Für das Geschäftsjahr 2016 rechnen wir unverändert mit einem Umsatz zwischen 1,17 und 1,20 Mrd. Euro. Das Ergebnis vor Zinsen, Steuern und Abschreibungen (EBITDA) wird weiterhin zwischen 155 und 165 Mio. Euro anvisiert. Im laufenden Geschäftsjahr treten ergebnisseitig positive und negative Einmaleffekte im niedrigen bis mittleren zweistelligen Millionenbereich auf, die sich zum Teil gegenseitig kompensieren. In 2016 wirken sich zudem regulatorische Einschränkungen hemmend auf unser organisches Wachstum aus; sie werden das laufende Geschäftsjahr voraussichtlich mit einem reduzierten Umsatzwachstum von ungefähr 1 % belasten.

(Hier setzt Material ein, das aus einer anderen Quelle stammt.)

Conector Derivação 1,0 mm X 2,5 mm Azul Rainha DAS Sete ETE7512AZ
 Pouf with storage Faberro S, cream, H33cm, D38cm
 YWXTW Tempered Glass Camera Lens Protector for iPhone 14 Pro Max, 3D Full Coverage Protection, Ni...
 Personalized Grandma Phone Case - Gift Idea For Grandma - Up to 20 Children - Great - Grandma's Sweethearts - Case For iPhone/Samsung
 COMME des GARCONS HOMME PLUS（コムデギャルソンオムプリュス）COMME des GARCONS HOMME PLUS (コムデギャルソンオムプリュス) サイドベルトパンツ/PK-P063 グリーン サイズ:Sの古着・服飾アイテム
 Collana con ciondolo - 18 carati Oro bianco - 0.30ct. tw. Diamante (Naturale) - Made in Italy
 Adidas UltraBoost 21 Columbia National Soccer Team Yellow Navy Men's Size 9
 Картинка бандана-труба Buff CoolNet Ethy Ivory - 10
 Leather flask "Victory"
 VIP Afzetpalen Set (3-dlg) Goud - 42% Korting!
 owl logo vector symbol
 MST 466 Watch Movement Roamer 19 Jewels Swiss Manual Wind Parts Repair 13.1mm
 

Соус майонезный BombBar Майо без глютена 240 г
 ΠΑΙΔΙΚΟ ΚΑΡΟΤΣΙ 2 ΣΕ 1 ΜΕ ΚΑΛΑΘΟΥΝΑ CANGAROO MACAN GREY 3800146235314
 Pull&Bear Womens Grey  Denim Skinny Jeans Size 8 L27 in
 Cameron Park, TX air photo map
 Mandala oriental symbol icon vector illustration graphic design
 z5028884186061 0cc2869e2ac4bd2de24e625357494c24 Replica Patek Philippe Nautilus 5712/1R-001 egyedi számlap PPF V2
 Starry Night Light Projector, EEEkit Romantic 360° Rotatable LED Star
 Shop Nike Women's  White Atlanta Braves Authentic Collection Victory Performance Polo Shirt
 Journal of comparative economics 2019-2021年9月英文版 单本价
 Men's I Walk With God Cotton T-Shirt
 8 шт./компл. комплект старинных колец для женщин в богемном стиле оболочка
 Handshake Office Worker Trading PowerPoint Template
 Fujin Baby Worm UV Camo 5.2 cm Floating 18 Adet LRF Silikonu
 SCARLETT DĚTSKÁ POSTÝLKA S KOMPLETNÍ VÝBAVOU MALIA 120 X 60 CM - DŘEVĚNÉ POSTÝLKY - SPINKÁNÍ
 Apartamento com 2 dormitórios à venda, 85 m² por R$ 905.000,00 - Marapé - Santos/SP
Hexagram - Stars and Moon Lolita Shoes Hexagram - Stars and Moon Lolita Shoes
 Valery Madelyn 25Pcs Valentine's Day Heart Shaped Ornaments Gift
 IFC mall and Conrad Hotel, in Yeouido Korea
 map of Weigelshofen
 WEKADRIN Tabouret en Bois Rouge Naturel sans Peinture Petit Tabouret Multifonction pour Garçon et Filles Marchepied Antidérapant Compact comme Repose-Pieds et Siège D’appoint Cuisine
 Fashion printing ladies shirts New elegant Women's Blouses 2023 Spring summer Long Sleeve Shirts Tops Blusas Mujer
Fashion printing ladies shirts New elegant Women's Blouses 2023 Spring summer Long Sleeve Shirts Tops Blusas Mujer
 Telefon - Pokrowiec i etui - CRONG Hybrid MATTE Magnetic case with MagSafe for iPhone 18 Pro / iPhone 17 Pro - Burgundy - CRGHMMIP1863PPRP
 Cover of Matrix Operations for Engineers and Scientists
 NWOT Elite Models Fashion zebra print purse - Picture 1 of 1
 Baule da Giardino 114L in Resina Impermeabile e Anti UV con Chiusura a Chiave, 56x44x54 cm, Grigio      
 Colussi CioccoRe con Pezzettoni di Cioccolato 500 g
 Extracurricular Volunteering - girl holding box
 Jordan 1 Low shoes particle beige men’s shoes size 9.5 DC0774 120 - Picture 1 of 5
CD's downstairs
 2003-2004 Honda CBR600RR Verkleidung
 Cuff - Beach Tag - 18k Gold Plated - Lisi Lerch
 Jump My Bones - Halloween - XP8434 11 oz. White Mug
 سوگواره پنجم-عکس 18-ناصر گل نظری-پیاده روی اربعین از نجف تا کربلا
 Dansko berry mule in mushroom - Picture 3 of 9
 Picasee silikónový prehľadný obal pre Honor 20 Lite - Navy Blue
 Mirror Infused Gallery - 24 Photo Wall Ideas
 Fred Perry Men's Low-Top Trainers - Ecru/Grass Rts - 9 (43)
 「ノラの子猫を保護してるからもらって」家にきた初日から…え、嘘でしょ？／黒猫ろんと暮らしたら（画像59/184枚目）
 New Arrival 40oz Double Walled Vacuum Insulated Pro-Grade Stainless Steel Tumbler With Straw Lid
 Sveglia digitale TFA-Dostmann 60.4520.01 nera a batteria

„Wir beobachten derzeit die Zunahme von regulatorischen Hemmnissen, die unser Geschäft perspektivisch belasten können. Wir müssen diesen negativen Entwicklungen mit geeigneten Aktivitäten begegnen; das ist wie immer eine Herausforderung, aber darin haben wir Übung“, sagte der Vorstandsvorsitzende Dr. Dr. Martin Siebert. Neben konzeptionellen und baulichen Modernisierungsprojekten an den Klinikstandorten trete zunehmend die Digitalisierung als Generalthema in den Vordergrund. Das Unternehmen arbeite daran, sich über E-Health-Entwicklungen stärker im Wettbewerb zu profilieren. „Unsere Modernisierungs- und Leistungsfähigkeit in diesem Sektor ist eine entscheidende Voraussetzung dafür, dass die mit der Campus-Konzeption verbundene Verzahnung von ambulanten und stationären Angeboten erfolgreich umgesetzt und auf weitere geeignete Regionen ausgedehnt werden kann“, ergänzte Siebert.